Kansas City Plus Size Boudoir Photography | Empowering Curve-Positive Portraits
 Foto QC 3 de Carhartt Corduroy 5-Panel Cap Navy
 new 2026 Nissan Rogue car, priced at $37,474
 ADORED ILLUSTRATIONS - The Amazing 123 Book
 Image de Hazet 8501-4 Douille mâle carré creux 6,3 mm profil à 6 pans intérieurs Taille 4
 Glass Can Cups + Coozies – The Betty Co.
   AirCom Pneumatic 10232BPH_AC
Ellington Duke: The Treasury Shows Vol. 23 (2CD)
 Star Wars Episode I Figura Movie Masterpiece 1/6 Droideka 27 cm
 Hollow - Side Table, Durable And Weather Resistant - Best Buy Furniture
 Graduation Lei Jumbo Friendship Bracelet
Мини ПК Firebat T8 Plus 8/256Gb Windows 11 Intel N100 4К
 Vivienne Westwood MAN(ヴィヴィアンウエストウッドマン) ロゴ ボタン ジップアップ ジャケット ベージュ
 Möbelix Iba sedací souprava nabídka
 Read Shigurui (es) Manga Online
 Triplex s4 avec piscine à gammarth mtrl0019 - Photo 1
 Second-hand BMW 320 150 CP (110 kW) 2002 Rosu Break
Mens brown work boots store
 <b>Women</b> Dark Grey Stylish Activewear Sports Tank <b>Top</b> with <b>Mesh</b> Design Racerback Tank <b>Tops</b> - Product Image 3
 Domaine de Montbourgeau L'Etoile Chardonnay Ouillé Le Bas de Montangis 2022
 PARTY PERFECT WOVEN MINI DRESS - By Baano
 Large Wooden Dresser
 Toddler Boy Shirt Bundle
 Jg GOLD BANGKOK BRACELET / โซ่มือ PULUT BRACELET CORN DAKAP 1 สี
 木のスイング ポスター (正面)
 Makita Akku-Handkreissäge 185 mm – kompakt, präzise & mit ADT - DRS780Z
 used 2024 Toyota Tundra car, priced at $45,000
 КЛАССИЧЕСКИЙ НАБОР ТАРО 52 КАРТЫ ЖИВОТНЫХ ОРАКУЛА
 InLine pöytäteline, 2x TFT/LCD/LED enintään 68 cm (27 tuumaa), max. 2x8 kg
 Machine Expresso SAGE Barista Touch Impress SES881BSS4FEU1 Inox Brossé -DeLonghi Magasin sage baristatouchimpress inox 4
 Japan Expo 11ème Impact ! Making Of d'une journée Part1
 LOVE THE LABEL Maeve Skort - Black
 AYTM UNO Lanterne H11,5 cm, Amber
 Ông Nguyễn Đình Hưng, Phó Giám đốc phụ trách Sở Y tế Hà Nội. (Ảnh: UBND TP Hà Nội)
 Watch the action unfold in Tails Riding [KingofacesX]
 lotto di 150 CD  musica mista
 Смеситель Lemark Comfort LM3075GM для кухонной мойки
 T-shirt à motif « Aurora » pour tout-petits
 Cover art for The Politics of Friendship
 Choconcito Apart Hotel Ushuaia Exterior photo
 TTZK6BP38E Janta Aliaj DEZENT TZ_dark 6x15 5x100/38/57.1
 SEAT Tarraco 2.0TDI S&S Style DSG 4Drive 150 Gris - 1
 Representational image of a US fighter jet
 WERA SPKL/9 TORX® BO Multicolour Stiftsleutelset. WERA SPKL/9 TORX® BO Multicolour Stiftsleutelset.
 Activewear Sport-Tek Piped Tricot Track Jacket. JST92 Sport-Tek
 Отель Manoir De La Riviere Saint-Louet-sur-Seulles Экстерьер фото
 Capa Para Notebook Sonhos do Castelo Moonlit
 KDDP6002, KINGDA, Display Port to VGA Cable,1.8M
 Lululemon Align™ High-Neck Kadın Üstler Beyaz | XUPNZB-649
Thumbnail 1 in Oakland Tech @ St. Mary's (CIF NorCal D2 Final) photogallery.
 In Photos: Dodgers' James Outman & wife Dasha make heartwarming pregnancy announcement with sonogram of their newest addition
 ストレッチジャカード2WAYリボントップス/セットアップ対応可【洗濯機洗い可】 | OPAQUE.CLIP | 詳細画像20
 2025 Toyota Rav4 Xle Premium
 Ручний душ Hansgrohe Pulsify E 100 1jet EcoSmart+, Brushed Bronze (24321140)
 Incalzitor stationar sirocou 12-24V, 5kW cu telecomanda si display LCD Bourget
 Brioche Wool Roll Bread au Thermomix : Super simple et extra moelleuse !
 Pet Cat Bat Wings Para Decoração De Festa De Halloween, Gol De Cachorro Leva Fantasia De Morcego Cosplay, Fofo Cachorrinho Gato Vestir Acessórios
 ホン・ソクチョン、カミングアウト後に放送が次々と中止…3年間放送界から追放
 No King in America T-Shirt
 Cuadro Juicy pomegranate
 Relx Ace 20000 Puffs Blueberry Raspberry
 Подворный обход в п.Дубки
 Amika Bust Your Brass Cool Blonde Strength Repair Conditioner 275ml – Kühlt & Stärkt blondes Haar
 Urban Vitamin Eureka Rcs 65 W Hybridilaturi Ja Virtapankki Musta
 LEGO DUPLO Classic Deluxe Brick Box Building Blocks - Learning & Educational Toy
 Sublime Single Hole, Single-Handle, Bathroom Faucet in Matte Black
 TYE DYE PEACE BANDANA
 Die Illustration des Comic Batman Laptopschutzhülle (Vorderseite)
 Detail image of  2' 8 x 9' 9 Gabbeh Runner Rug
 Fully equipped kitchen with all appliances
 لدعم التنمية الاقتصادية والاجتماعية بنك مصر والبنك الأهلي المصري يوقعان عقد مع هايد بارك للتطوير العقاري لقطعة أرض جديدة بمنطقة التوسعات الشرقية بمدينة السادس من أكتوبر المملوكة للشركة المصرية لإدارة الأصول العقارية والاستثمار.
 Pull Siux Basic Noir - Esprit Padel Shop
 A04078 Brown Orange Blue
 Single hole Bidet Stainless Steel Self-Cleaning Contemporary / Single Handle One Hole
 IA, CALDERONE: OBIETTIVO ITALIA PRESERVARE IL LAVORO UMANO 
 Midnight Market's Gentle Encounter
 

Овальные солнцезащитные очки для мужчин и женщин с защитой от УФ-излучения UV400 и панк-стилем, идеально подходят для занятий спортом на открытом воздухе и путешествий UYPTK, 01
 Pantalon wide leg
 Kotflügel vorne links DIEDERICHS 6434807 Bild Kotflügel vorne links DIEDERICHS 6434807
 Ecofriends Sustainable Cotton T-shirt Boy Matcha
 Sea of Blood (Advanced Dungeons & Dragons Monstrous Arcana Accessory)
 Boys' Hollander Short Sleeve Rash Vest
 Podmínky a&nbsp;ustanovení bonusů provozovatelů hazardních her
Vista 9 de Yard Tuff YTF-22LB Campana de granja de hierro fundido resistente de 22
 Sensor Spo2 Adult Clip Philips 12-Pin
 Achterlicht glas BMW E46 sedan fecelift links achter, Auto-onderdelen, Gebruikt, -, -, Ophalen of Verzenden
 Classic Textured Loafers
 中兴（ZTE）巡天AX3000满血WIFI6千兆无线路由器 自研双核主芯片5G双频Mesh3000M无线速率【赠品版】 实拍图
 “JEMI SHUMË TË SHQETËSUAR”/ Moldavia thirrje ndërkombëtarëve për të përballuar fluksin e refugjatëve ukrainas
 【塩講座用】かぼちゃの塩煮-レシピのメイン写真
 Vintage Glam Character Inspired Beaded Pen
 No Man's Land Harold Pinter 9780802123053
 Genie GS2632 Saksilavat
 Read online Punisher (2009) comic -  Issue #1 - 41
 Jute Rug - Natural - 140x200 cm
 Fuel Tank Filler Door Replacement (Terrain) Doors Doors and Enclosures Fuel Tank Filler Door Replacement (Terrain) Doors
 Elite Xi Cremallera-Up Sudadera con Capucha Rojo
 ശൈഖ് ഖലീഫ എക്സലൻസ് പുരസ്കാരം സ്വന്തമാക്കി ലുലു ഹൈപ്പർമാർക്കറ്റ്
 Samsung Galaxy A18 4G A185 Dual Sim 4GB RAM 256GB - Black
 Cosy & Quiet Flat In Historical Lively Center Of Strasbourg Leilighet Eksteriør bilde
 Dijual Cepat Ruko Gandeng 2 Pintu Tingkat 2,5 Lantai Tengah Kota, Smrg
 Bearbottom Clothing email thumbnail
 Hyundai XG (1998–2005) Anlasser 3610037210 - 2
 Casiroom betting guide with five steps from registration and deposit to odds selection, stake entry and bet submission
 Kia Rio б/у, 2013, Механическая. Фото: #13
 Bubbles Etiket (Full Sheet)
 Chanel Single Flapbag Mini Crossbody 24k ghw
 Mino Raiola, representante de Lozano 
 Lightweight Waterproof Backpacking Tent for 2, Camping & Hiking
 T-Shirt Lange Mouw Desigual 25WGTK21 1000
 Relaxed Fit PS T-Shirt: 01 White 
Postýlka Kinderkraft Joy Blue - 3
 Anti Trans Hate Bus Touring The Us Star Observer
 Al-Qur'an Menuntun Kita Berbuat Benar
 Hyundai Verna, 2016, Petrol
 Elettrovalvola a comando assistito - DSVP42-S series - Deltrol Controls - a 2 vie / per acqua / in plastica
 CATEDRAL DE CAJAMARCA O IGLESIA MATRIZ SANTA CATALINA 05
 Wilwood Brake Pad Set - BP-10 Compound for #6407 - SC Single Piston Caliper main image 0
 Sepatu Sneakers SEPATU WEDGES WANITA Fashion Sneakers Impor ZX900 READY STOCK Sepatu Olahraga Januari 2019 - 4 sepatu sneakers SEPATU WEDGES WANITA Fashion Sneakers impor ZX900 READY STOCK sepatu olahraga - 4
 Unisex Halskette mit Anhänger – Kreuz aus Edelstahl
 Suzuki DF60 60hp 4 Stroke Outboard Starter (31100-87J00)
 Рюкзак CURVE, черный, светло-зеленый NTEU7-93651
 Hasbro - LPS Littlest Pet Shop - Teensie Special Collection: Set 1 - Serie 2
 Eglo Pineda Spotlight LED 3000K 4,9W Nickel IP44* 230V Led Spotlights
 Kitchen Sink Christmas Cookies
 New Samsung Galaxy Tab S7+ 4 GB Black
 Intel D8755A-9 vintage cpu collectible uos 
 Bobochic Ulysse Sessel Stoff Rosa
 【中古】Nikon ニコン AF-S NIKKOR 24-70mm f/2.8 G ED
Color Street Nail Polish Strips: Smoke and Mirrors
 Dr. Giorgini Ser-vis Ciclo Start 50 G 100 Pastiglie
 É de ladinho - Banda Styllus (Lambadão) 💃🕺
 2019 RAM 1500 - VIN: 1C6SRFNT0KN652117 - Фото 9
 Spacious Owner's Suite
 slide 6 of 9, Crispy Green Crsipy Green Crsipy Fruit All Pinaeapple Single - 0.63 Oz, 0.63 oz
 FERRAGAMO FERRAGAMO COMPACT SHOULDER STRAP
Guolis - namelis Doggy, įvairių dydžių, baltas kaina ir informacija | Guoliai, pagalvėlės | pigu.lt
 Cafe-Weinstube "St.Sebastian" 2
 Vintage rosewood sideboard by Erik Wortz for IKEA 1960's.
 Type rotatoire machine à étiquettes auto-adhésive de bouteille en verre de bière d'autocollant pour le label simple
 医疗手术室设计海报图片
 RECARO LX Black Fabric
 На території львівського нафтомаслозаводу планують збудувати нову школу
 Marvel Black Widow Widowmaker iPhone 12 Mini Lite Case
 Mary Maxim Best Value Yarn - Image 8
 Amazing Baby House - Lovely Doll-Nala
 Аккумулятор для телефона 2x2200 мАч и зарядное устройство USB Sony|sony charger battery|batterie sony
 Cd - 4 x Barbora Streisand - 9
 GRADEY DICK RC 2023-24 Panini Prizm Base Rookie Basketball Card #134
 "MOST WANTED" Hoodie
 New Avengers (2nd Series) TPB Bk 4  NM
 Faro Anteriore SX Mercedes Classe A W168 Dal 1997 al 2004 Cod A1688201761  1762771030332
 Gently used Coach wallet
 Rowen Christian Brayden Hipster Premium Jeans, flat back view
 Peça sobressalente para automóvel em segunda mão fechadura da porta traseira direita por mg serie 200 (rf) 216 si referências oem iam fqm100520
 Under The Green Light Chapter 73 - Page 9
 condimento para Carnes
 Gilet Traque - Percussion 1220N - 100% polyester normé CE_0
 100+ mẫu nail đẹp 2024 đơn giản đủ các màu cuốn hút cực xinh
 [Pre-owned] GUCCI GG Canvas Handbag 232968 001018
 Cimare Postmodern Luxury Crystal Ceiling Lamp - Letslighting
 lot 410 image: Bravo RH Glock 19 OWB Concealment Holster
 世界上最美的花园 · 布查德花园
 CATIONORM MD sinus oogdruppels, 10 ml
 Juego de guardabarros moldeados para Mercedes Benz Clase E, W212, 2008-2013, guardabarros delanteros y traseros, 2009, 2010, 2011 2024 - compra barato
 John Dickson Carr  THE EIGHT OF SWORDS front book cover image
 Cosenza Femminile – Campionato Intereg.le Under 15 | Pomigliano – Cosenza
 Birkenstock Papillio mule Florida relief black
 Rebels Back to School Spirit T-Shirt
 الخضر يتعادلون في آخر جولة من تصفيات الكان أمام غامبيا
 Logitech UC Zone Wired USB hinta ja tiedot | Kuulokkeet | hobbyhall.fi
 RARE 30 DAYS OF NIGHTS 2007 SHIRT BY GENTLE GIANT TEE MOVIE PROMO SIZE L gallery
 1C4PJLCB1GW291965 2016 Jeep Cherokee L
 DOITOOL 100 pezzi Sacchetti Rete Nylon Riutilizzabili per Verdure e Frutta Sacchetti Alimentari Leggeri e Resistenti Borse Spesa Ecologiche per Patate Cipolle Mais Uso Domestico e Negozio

═══

BRIEF =
Look through the entries and copy every line in which the string "simple" appears.

RESULT OF THIS TASK =
 Brioche Wool Roll Bread au Thermomix : Super simple et extra moelleuse !
 Type rotatoire machine à étiquettes auto-adhésive de bouteille en verre de bière d'autocollant pour le label simple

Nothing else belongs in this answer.